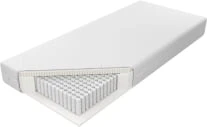 Materac Multipocket Talalay Natural H2 160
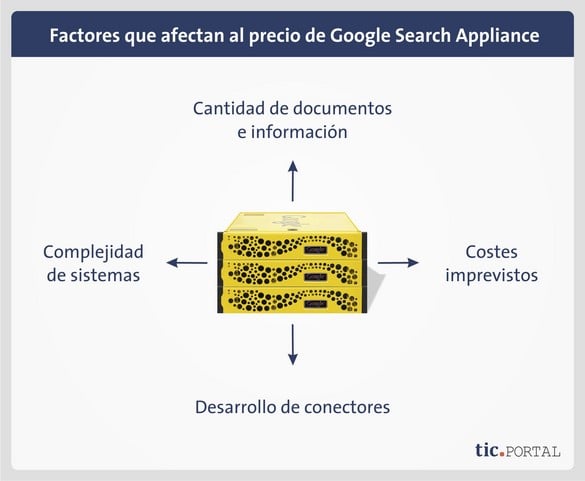 precio google search appliance factores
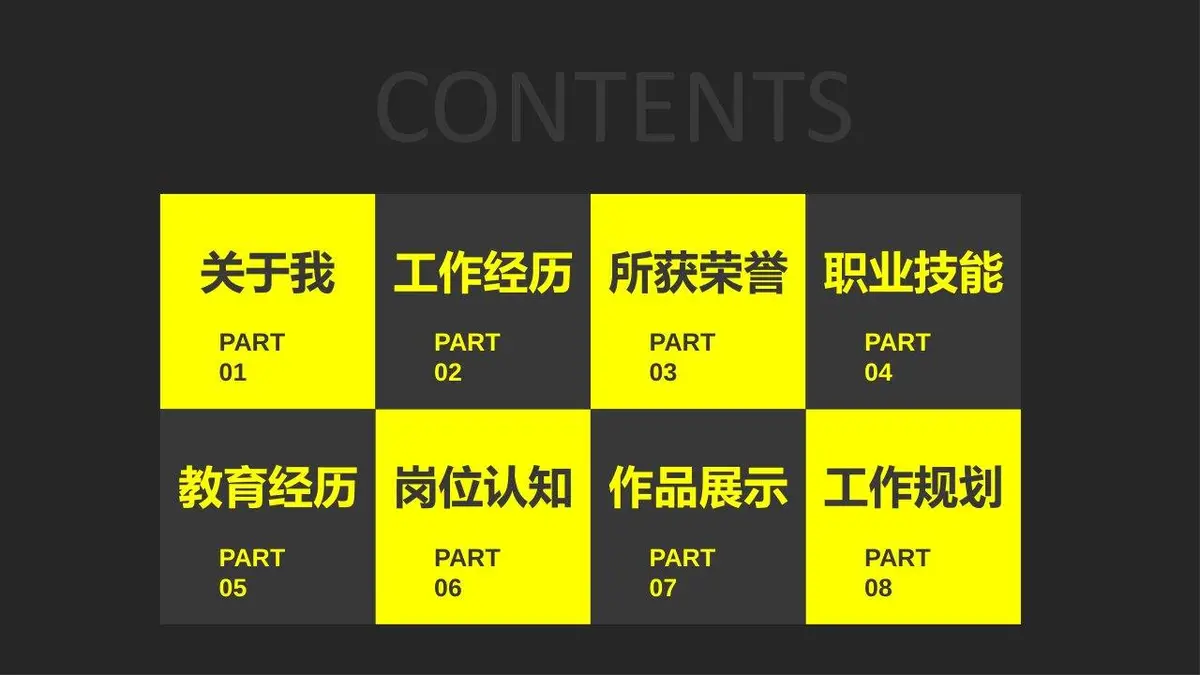 高端简约个人简历PPT模板 - 第2页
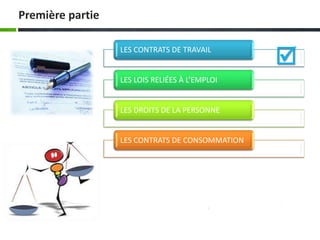 Première partie
LES CONTRATS DE TRAVAIL

LES LOIS RELIÉES À L’EMPLOI

LES DROITS DE LA PERSONNE

LES CONTRATS DE CONSOMMATION



 
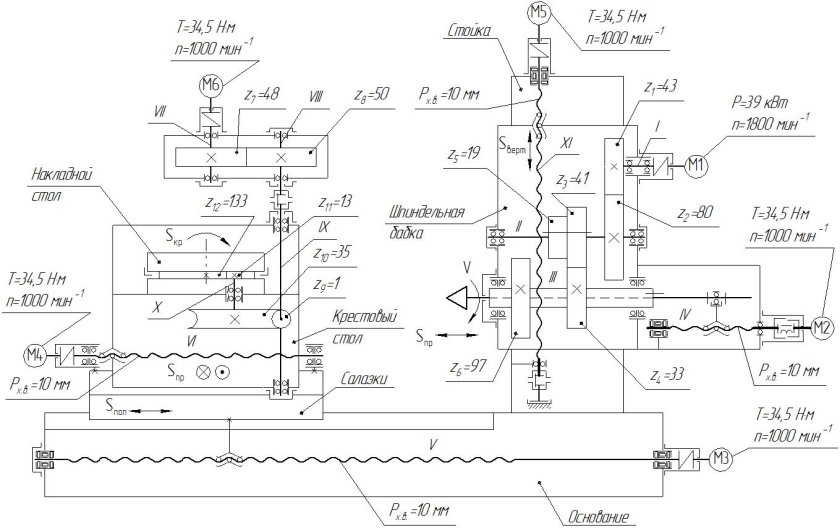 Кинематическая схема горизонтально расточного станка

## [PROMPT]
In your copy of the listing above, reproduce each line exactly and omit all pictures.

## [FINISHED EXERCISE]
 Materac Multipocket Talalay Natural H2 160
 precio google search appliance factores
 高端简约个人简历PPT模板 - 第2页
 Première partie
LES CONTRATS DE TRAVAIL

LES LOIS RELIÉES À L’EMPLOI

LES DROITS DE LA PERSONNE

LES CONTRATS DE CONSOMMATION



 
 Кинематическая схема горизонтально расточного станка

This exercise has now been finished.